I've never breed Bettas, but if he's buying a ton of the babies I'd give him a good deal (like bulk price?) since if you continue breeding bettas and want to sell to him in the future it might start a good business relationship. 

Also keep in mind he's buying them to sell them, so if the price is to high he might not want to buy them anymore because he won't make a high enough profit.


I'm also considering breeding, I'm not starting until I know I have possible homes already.


----------



## justinianobrenden (Apr 17, 2011)

i dont think he would want to buy the "babies" but ya the bulk idea sounds gud lets say u get 100 babies and all of them survive mand he wants them all haha then maybe like all of them for 250? thts like 2 50 each male and female and he culd sell all 100 for like 5 each n get 500 from them or he culd sell them for 10 n make 1000 but ya make a good buisness between u two like he said


----------



## lunawatsername (Apr 20, 2011)

@ justinianobrenden i was thinking something similar, the next time i go there im going to see what he sells his for, it slipped my mind today when i was there... the only problem i can see is that he only sells veiltails as far as i know, so im not sure that he knows what different tail types are worth or why they matter, so im not sure.... and i was totally serious about the cookie, come on over lol xDDD
oh, and i know i have plenty of time still, i just worry about everything, and id rather have a general plan now than wait til the last minute (like i do a lot lol) and mess something up lol

@ copperarabian that actually brings up a GREAT question that i didnt really look at too closely.... how many would he be willing to buy? hmm.... and to be honest im not sure if he will even buy females or not. i should talk that over with him too, just to be sure.  
oh and to what you said, i definitely would want to give him a bulk deal, but im not sure how many he would want so i was thinking if i knew what i would be willing to sell just one for, i would know better how many i would sell, say, 10 for. like just hypothetically, if i sold each male for 5 dollars, maybe i could sell 10 males for 40$? something like that, cuz i definately want a good relationship with whoever would be buying from me... and if he doesnt want the females i could always try selling them locally myself, or try aquabid (honestly im kinda iffy about shipping fish.... maybe :/) but that brings up another question... if i sold them to him for 5 each, should i sell them to everyone for that? or should i sell them for more because id have to do more work/ spend more money (if i was shipping or something) to sell hem? so many things to consider lol (and this isnt even the really important stuff! lol)

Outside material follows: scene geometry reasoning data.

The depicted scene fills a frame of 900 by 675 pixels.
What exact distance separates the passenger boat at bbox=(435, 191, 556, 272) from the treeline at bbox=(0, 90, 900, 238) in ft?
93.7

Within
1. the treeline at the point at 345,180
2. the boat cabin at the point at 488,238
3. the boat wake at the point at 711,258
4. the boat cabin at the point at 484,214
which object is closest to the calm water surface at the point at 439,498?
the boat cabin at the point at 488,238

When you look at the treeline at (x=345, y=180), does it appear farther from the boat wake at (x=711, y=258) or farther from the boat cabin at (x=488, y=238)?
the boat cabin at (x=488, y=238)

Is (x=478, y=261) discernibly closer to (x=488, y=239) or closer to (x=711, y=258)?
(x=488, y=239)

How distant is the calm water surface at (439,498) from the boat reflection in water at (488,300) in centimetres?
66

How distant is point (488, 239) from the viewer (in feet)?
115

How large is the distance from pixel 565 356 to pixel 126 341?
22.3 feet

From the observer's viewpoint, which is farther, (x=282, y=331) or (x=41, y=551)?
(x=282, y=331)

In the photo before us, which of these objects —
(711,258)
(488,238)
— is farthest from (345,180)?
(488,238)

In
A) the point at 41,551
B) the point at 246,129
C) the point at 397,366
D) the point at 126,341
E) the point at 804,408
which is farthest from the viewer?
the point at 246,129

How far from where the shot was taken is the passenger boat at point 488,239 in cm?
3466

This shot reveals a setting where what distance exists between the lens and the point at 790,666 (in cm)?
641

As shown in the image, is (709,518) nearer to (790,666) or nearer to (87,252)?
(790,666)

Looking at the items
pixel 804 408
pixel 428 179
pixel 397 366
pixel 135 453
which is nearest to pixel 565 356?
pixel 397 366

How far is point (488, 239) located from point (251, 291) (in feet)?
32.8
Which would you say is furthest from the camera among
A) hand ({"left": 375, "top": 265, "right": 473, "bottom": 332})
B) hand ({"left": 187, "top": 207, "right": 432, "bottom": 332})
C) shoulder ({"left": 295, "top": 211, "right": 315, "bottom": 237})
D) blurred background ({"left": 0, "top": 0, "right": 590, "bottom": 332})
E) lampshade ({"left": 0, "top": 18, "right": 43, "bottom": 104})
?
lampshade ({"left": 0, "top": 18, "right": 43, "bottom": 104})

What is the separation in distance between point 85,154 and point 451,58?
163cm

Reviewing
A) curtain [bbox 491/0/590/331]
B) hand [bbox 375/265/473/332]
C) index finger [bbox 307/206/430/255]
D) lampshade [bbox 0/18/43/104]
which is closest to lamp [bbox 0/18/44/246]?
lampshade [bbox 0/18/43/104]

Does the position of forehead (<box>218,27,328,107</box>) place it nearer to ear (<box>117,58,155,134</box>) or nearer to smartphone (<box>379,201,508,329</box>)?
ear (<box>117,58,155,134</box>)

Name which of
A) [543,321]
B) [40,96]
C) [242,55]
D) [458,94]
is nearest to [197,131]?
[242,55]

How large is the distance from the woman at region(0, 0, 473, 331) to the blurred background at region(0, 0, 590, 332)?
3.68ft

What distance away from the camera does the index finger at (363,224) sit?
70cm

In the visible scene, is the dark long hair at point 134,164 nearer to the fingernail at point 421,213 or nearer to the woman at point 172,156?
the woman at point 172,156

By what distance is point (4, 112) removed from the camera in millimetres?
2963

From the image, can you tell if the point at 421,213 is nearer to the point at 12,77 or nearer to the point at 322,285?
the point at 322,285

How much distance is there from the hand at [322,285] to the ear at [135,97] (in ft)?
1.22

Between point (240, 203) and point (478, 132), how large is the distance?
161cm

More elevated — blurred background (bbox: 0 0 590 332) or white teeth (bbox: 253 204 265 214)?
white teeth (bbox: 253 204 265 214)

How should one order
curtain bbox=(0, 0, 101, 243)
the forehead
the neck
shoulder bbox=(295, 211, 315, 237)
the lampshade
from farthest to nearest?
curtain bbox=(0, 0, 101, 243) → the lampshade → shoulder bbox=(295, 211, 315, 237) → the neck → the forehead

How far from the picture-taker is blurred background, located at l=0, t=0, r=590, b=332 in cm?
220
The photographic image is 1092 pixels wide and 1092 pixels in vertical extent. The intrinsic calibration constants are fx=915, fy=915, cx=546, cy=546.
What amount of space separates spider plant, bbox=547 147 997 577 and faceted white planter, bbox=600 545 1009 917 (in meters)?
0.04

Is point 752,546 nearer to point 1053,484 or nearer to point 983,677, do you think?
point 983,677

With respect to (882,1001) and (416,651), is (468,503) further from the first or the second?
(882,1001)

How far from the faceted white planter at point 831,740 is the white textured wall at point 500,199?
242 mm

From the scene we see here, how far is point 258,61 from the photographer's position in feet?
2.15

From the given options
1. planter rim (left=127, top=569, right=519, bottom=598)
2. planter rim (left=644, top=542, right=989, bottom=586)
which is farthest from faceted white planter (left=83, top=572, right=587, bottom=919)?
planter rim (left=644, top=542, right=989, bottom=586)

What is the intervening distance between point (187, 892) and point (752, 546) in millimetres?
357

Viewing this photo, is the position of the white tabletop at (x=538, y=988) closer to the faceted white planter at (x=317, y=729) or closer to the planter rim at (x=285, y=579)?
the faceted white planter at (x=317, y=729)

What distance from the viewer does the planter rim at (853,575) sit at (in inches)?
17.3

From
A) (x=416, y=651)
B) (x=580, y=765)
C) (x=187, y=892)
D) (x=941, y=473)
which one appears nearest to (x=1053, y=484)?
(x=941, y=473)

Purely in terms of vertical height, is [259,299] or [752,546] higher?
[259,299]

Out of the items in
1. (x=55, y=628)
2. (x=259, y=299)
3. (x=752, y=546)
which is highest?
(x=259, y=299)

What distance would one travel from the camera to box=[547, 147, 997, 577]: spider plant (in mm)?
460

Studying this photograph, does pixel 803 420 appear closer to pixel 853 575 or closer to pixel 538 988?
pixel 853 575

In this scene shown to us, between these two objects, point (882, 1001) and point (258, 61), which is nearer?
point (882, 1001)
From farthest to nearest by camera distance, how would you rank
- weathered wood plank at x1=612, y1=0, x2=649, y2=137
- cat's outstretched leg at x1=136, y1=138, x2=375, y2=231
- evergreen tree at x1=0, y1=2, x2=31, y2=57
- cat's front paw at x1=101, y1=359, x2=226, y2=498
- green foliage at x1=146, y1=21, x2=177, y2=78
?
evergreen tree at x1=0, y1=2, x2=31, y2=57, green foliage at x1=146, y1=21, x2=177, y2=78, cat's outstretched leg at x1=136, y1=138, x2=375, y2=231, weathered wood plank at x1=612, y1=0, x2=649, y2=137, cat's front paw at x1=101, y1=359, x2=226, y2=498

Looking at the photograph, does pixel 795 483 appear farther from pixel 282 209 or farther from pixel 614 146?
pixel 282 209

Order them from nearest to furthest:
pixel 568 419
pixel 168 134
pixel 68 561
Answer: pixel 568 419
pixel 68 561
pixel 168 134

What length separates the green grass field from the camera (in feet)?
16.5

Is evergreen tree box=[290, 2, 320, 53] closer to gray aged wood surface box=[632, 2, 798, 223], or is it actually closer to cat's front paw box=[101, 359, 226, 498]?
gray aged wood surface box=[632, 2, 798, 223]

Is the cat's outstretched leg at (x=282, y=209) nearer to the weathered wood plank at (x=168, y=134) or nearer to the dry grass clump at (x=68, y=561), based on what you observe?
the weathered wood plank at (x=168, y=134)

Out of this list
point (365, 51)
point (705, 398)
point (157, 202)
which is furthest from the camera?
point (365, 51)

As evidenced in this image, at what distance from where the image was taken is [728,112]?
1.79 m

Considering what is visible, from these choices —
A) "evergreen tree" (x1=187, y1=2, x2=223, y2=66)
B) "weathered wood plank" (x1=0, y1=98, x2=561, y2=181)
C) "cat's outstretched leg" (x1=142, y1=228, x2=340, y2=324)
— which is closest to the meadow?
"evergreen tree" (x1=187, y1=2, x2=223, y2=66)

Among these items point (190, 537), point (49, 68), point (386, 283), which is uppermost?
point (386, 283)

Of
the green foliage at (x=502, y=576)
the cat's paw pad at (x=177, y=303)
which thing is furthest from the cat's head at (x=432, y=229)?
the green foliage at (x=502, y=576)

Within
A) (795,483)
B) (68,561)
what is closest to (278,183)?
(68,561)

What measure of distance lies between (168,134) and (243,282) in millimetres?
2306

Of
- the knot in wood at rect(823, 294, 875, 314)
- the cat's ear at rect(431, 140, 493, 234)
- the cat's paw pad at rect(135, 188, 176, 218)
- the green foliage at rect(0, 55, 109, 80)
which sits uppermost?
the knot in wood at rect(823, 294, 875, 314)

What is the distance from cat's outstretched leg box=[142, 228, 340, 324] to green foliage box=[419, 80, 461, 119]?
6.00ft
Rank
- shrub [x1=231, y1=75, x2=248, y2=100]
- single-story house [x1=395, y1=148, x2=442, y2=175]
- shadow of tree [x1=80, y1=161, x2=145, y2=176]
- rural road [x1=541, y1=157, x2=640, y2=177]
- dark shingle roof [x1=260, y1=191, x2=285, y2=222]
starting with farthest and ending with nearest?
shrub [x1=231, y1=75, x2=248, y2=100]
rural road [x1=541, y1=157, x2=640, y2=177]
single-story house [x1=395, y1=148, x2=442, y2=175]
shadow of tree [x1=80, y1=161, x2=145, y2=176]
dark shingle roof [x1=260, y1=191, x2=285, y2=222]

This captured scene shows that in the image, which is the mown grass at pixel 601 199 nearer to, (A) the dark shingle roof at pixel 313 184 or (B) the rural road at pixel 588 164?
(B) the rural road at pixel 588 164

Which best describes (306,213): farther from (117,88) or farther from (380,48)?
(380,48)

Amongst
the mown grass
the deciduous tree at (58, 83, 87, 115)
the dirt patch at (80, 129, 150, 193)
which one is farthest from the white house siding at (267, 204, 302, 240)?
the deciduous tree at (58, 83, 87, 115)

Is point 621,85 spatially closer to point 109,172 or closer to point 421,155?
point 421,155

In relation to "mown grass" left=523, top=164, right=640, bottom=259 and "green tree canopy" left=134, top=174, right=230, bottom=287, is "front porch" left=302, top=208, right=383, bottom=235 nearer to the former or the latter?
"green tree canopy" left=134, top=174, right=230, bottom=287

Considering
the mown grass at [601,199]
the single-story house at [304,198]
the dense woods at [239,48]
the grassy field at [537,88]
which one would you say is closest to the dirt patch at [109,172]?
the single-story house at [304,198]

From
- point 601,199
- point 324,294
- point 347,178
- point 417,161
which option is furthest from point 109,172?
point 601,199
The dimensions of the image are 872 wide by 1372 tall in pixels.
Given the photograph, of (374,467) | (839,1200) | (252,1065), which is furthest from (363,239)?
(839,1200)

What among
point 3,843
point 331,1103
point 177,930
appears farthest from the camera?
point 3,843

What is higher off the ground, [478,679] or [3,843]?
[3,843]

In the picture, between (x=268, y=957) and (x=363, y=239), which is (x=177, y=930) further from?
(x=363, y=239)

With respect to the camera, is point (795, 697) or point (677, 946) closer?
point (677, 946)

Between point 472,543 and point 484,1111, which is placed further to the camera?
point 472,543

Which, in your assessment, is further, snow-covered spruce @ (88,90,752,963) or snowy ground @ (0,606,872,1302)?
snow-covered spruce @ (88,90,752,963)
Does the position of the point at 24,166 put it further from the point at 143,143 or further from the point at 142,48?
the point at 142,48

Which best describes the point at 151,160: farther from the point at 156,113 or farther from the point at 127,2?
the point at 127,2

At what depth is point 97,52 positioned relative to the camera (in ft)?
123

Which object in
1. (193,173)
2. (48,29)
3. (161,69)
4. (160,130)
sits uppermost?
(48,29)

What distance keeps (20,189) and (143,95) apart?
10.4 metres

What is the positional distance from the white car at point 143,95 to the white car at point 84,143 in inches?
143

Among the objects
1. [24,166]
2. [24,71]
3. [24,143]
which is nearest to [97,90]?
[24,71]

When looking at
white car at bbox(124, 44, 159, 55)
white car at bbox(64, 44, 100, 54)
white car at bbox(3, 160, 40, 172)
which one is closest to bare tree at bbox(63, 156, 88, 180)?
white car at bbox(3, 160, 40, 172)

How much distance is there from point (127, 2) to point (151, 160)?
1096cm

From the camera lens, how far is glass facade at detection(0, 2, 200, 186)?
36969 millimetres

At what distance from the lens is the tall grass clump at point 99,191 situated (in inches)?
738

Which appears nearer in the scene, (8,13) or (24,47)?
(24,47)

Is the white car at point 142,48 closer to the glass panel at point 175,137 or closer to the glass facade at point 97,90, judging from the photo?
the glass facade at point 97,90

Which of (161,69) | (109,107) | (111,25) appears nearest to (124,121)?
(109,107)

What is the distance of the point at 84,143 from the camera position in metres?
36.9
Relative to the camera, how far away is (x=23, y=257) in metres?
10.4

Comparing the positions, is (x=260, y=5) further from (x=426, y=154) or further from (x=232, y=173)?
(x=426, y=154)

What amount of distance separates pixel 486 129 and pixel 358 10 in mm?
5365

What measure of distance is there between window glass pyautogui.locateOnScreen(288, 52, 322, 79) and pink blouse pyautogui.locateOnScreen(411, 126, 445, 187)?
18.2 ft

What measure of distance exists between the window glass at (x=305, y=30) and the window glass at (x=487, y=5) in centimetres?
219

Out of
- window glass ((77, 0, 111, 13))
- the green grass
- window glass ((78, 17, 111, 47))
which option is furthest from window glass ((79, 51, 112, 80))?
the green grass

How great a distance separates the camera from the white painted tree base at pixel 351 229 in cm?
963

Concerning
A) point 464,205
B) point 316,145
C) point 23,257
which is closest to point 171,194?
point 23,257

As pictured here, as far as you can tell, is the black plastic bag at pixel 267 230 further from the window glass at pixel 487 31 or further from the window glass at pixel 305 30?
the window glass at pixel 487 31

thanks for the comments you guys 

edit: yea i dont think he would want the babies either, i think i would wait til they were a few months old and had some good color showing before i would sell them, even if he wanted them very young i think that the majority of buyers probably wouldnt, because from what ive seen most people buy bettas for their color and fins, not to raise them lol


----------



## justinianobrenden (Apr 17, 2011)

since he is dooin alot of the work on selling only he shuld get the $5 price or the 10 for $40 price u mentioned. other people sell for the full price u want or wht he is sellin them for so like 10 each n if u do it on aqua bid make sure u
1ost good pictures with them
and 2: in your price make sure u include shipping to the charges so u make money. and most petstores sell females but not halfmoons and the halfmoons fins look amazing so i culd see why they sell for more than just a normal fin


----------



## indjo (Jun 6, 2010)

IMO you would have to sell to LFS cheaper than to hobbyists because they will re-sell and they also have to consider "maintenance" plus food that needs to be spent before someone actually buys them. Further as you said, you have to do more work.

To profit from bettas you would have to produce a lot per spawn and cuture your own food. Carefully select the best ones and offer them in aquabid or something for a much higher price. As far as I know only rejects go to LFS.... that's why they're cheaper. 



> i want to breed halfmoons, i know i am going to shop around for a good breeder (most likely on aquabid-any suggestions?) i dont know the color or anything like tat of course, but i was wondering if anyone could give me a ballpark range, if possible? at least something to bring to the table lol.


I noticed that 
1. our breeders mostly ship colorful bettas (often undesired in my area) and 
2. many members here also prefer more colorful bettas compared to solid colors.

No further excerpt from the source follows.